## Work required
In the listing below, find the line containing "Front-side view of" and the line containing "ZARA High Waist". Repeat exactly those two lines and every line between them.

## Source material
**********

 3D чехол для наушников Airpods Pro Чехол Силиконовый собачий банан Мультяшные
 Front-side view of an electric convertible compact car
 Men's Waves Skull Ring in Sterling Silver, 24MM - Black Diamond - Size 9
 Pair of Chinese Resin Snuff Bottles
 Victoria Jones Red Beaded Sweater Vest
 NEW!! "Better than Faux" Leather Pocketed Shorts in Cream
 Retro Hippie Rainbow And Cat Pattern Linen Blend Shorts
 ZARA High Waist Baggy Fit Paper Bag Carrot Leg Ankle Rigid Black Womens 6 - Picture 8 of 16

**********

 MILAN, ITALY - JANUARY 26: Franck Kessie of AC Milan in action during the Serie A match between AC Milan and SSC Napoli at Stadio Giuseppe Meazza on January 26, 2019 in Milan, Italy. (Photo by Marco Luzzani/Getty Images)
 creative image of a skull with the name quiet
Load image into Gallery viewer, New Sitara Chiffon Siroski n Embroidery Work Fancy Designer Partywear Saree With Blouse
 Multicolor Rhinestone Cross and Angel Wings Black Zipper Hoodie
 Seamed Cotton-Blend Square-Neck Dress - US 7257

**********

## Written reply
 Front-side view of an electric convertible compact car
 Men's Waves Skull Ring in Sterling Silver, 24MM - Black Diamond - Size 9
 Pair of Chinese Resin Snuff Bottles
 Victoria Jones Red Beaded Sweater Vest
 NEW!! "Better than Faux" Leather Pocketed Shorts in Cream
 Retro Hippie Rainbow And Cat Pattern Linen Blend Shorts
 ZARA High Waist Baggy Fit Paper Bag Carrot Leg Ankle Rigid Black Womens 6 - Picture 8 of 16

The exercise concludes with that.